Friday, 12 April 2013

Video Games: real racism in a virtual world

A fascinating new study in the current issue of the New Review of Hypermedia and Multimedia uncovers blatant racism in video games.

I hadn’t thought of race in gaming, but considering video games’ widespread use and impact, it's an issue well worth addressing. And we should look at sexism in gaming, as well.

Researcher Kishonna L. Gray writes that in video-game culture, the default gamer is a white male. Those outside that privileged group are often marginalised, labelled ‘deviant’ and punished for their ‘deviance’. Women, ethnic minorities and people of colour are portrayed in a stereotypical manner, reinforcing notions of whiteness, blackness, racial hierarchies, masculinity and sexuality. 

As part of her research Gray observed, interacted with and interviewed African-American gamers playing Halo Reach®, Gears of War 2®, Call of Duty: Modern Warfare 2®, and Call of Duty: Black Ops® on Xbox Live over a period of eight months. She uncovered disturbing patterns of behaviour and a space racialised by the profiling of non-white or non-male gamers by their speech. In particular, she found that some gamers picked up on linguistic cues from others that suggested they might be black. The black gamer would then be confronted about his colour and provoked by the use of racist slurs. Other gamers would often join in with the insults. The episode would end with one of the gamers leaving or being kicked out of the game, or the offended gamer retaliating with his own volleys of profanity and racist language.

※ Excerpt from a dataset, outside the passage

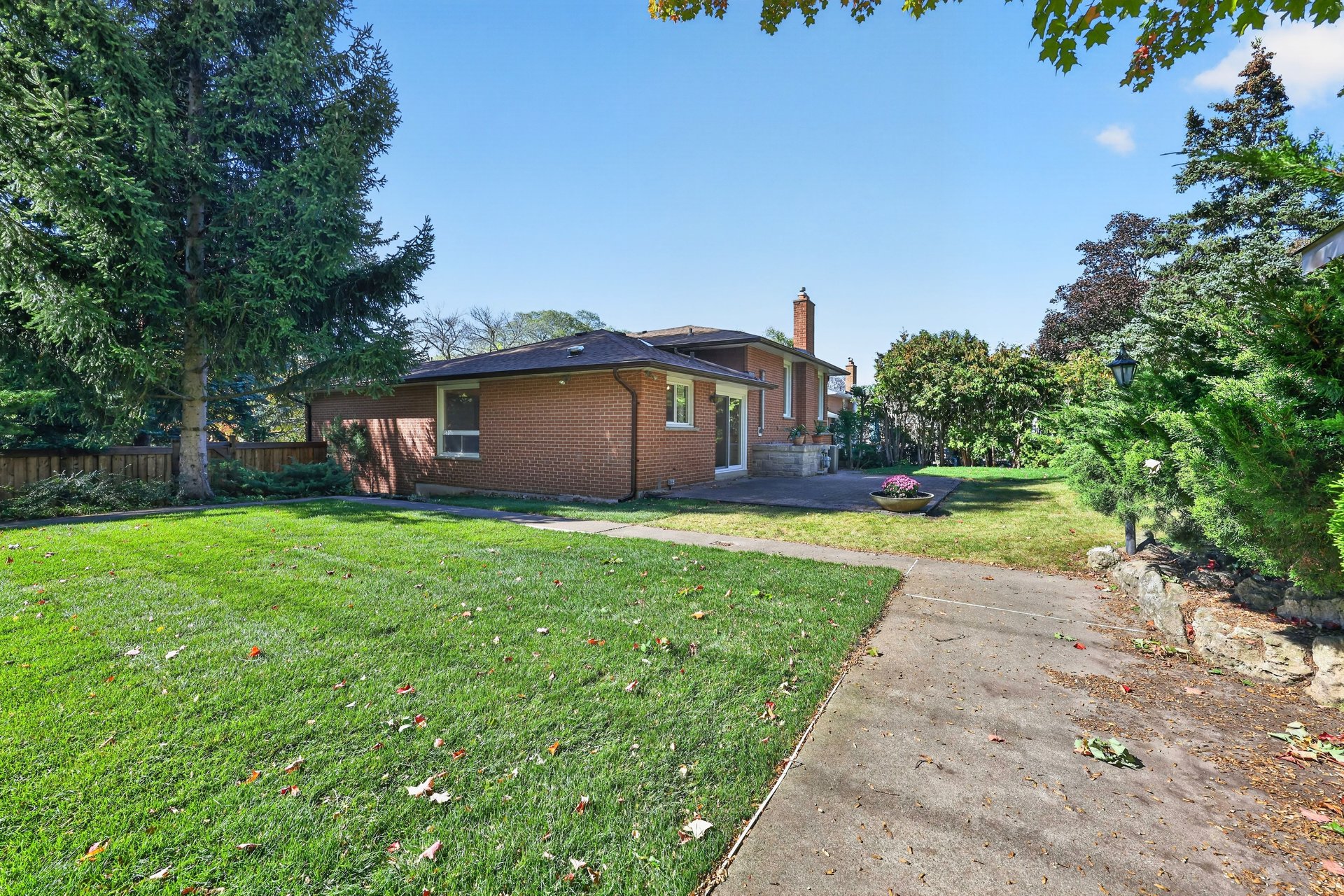 2389 Frayne Crt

Most worryingly, such racism appears to be ‘normalised’ in the Xbox Live sessions she observed, with offended users rarely complaining. When Gray confronted the gamers who used racist language, they categorically denied being racist. They further defended themselves by claiming it was ‘just a game’, that the words they used were meaningless or that they would use the same offensive terms to refer to white people.
Gray observes that ‘the overt racism that used to permeate our society has been introduced in this virtual community.’ Although it is difficult to quantify, and may not be the norm across all of Xbox Live, the gamers of colour she interviewed were racially abused daily. They were also adamant that they did not experience similar treatment elsewhere.

Gray concludes that much of this abuse occurs and is allowed to continue because of the mistaken belief that black people, women and minorities are not gamers (in fact, I recently read that 42% of gamers are women); the games themselves continue to be created by and for white males. Until gaming changes considerably, it would appear that only white males can leave their real-world identities behind when they enter the virtual world of Xbox Live.

Black and women game creators, we need you!  Where are you?